WHAT IS EXPECTED: Leaving the pictures out, transcribe the records below exactly.

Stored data
--------------------------------

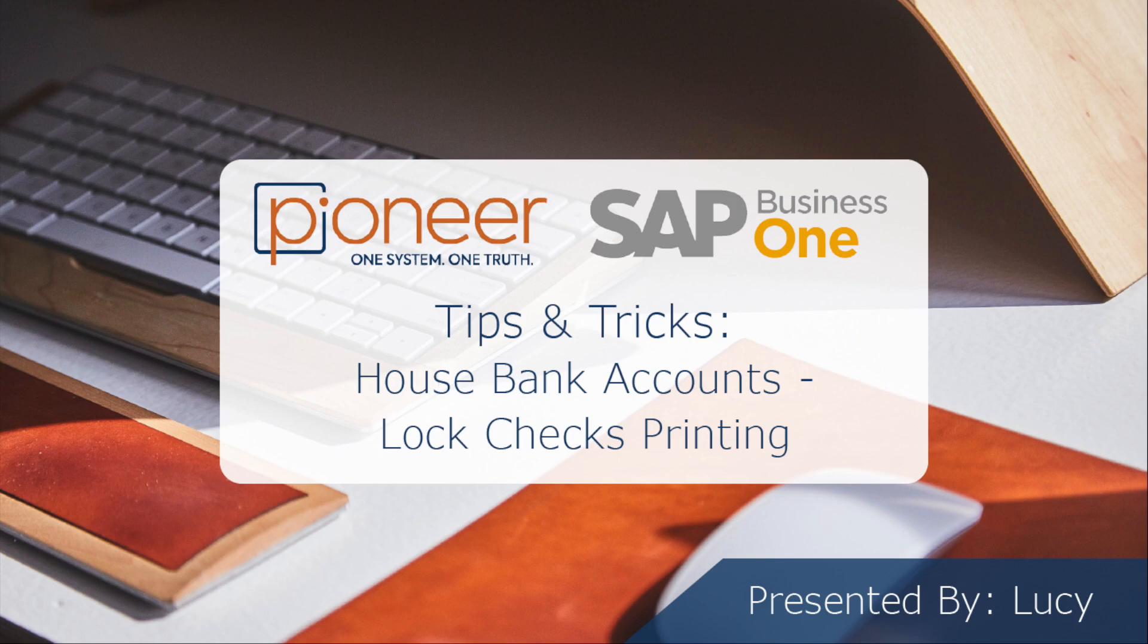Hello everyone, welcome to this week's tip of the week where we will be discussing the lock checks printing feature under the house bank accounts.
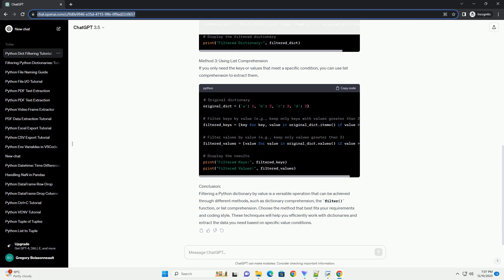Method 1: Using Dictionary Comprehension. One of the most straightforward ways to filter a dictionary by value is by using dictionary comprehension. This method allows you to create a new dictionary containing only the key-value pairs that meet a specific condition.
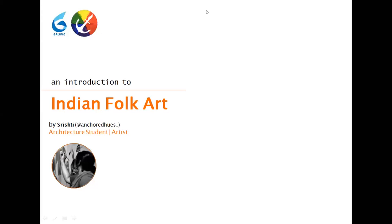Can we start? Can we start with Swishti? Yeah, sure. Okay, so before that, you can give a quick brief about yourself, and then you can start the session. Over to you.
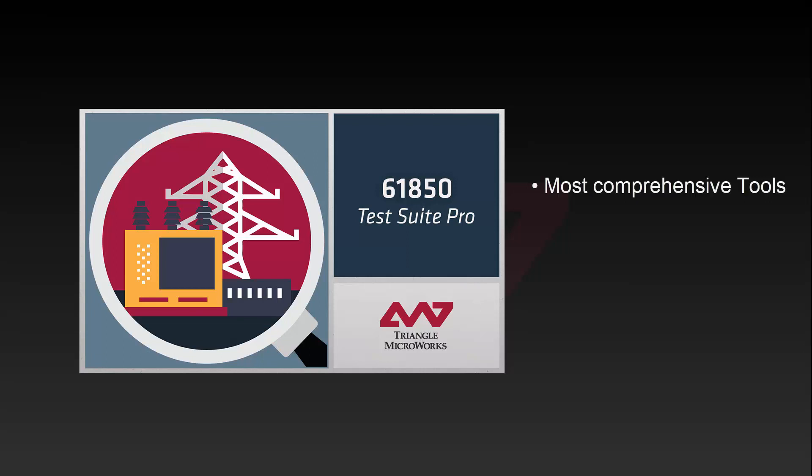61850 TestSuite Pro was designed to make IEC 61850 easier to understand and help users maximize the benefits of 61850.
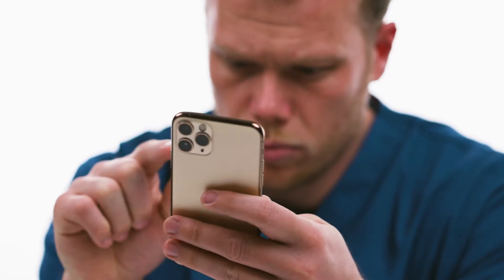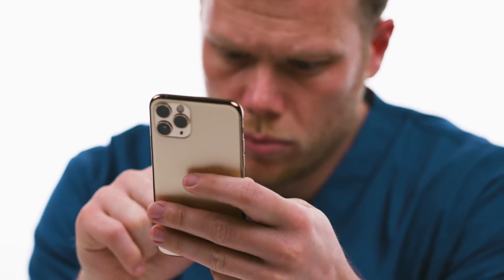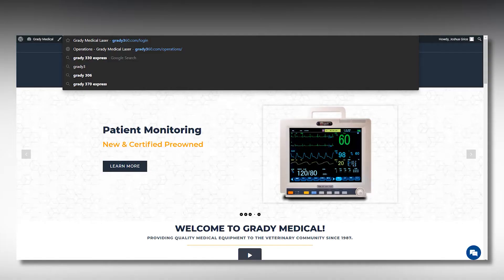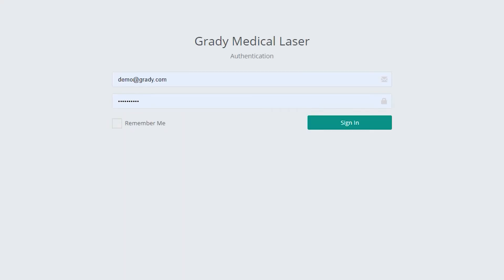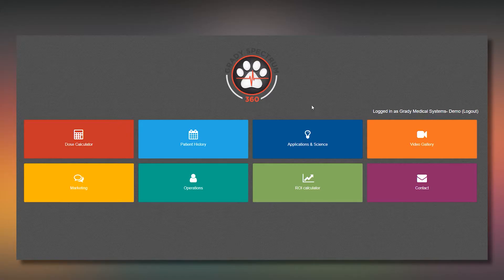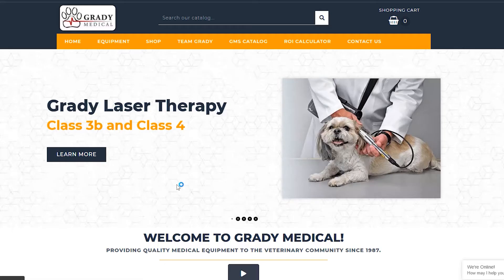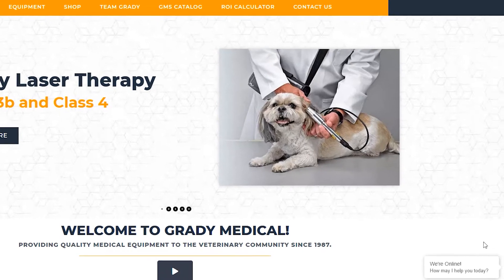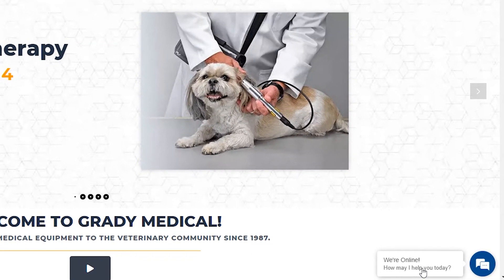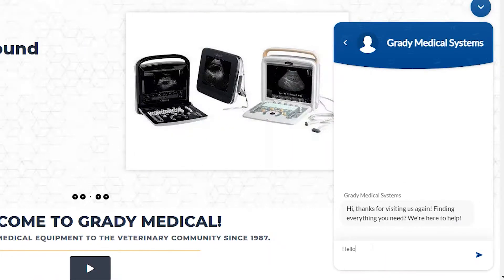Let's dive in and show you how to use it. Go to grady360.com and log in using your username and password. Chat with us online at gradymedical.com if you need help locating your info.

--------------------------------

ANSWER AREA:
Hello everyone, welcome to this week's tip of the week where we will be discussing the lock checks printing feature under the house bank accounts.
Method 1: Using Dictionary Comprehension. One of the most straightforward ways to filter a dictionary by value is by using dictionary comprehension. This method allows you to create a new dictionary containing only the key-value pairs that meet a specific condition.
Can we start? Can we start with Swishti? Yeah, sure. Okay, so before that, you can give a quick brief about yourself, and then you can start the session. Over to you.
61850 TestSuite Pro was designed to make IEC 61850 easier to understand and help users maximize the benefits of 61850.
Let's dive in and show you how to use it. Go to grady360.com and log in using your username and password. Chat with us online at gradymedical.com if you need help locating your info.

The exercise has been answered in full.